◆ PROBLEM TO WORK ON:
Write out the entries below once more, exactly, with the pictures left out.
===== STORED DATA =====
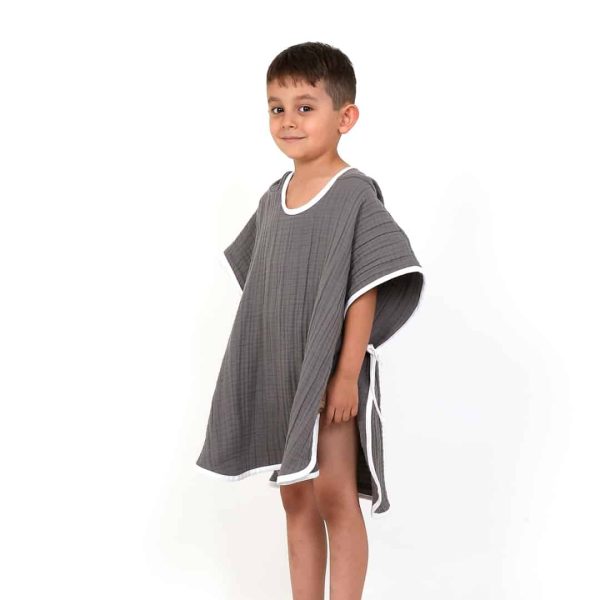 birlik1952 ipliq cocuk child baby 4 layer muslin pancho panço crinkle müslin multi muslin bath textile anthracitte antrasit gri grey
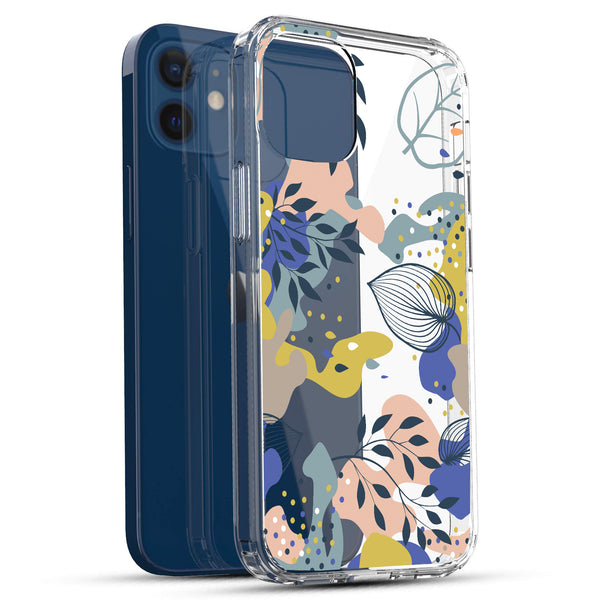iPhone 12 Mini Case, Anti-Scratch Clear Case - Tropical Leaves Floral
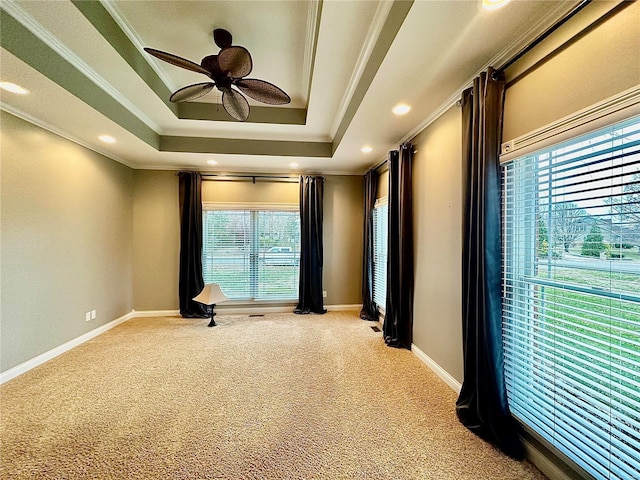 interior space with light carpet, plenty of natural light, and ornamental molding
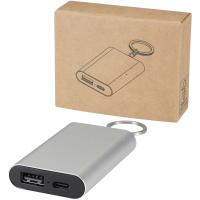 Arcturus 2000 mAh recycled aluminium power bank with keychain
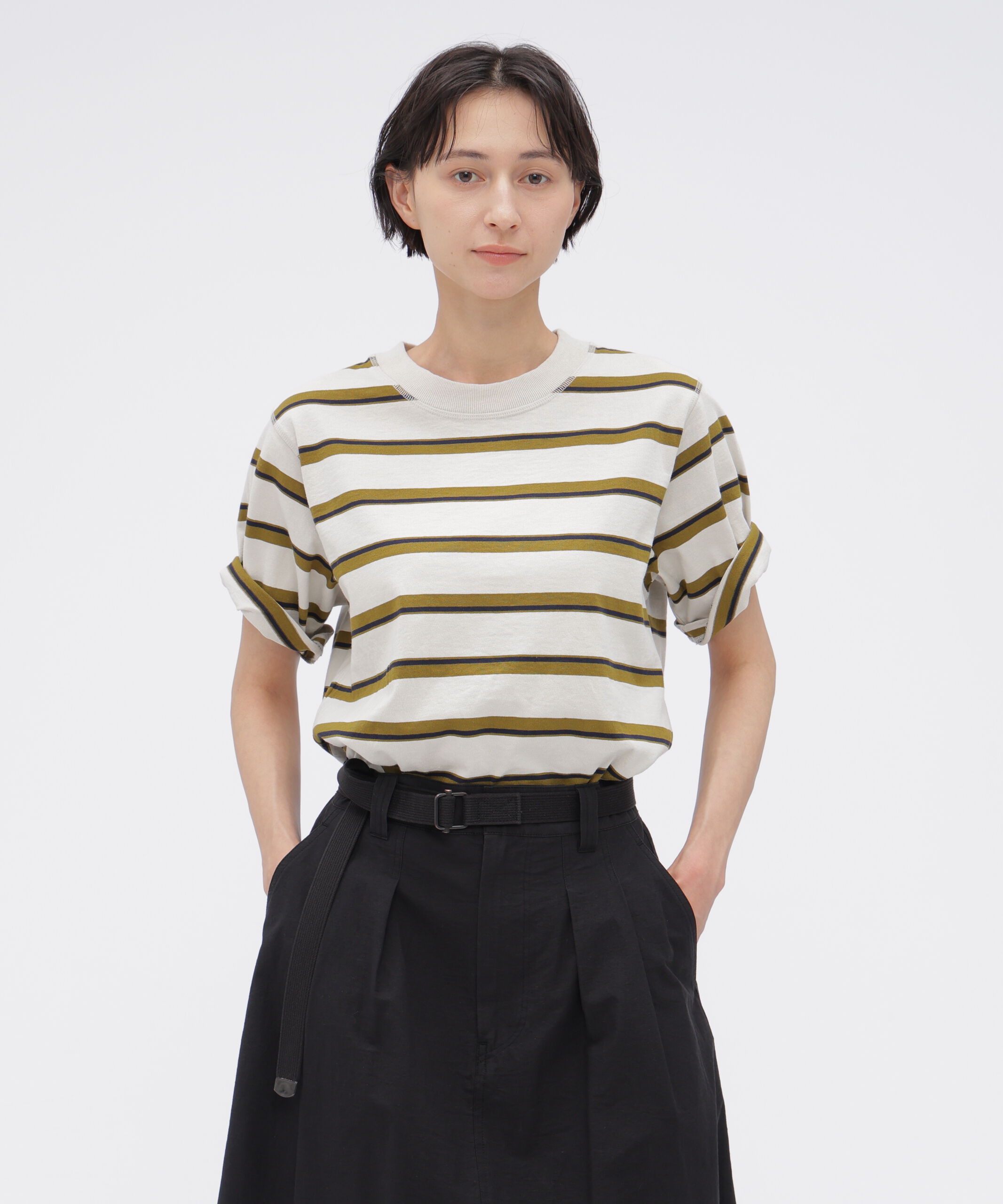 MHL.「OUTLINE STRIPE JERSEY TOP」|Tシャツ・カットソー|IVORY1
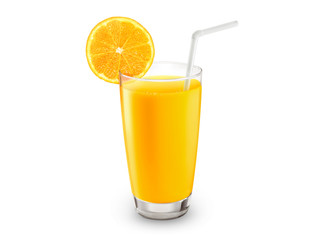 Fresh orange juice with fruits, isolated on white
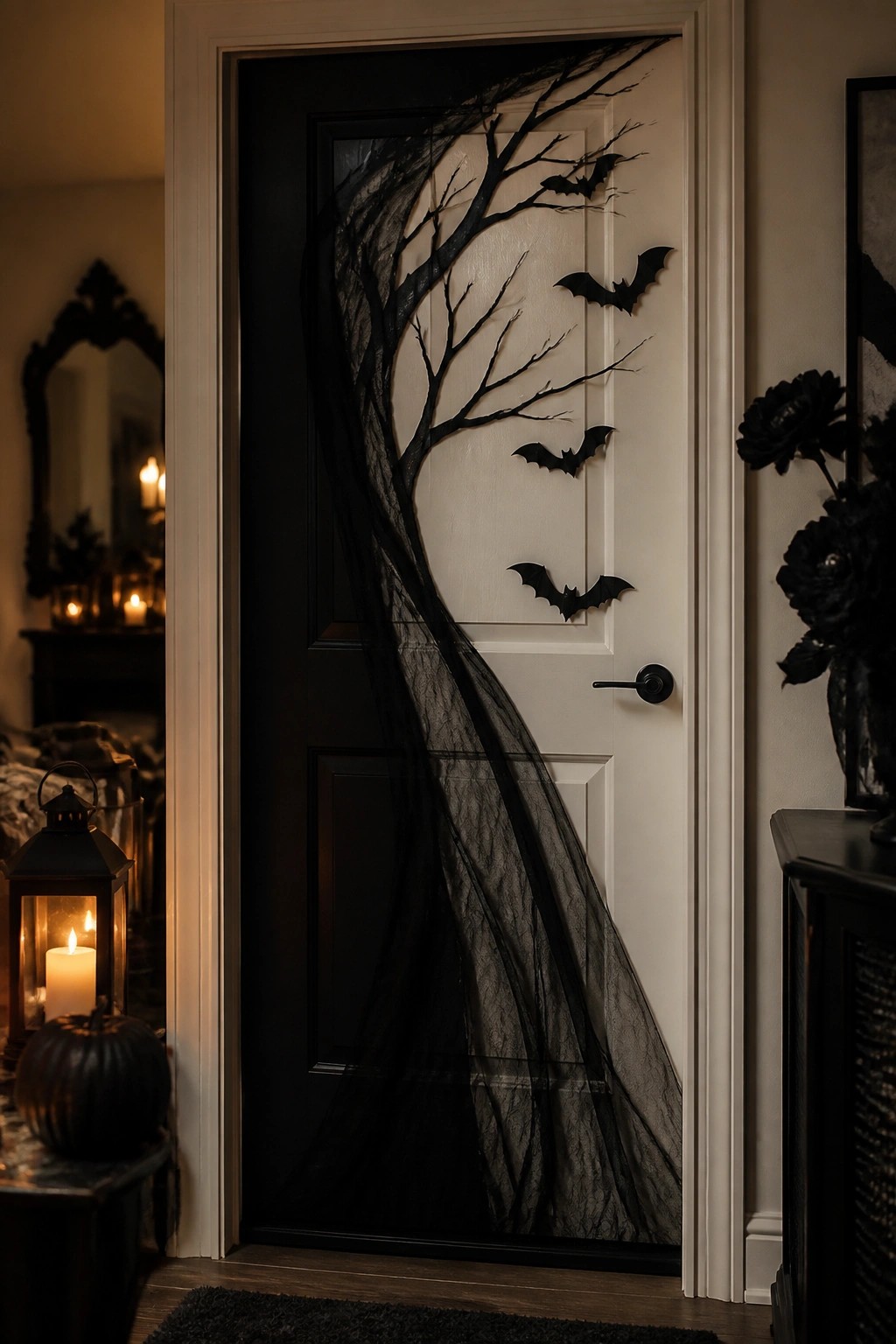 White front door with a large black branch draped in sheer fabric and multiple black bat cutouts attached to the surface.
=====
◆ OUTPUT OF THE TASK:
 birlik1952 ipliq cocuk child baby 4 layer muslin pancho panço crinkle müslin multi muslin bath textile anthracitte antrasit gri grey
iPhone 12 Mini Case, Anti-Scratch Clear Case - Tropical Leaves Floral
 interior space with light carpet, plenty of natural light, and ornamental molding
 Arcturus 2000 mAh recycled aluminium power bank with keychain
 MHL.「OUTLINE STRIPE JERSEY TOP」|Tシャツ・カットソー|IVORY1
 Fresh orange juice with fruits, isolated on white
 White front door with a large black branch draped in sheer fabric and multiple black bat cutouts attached to the surface.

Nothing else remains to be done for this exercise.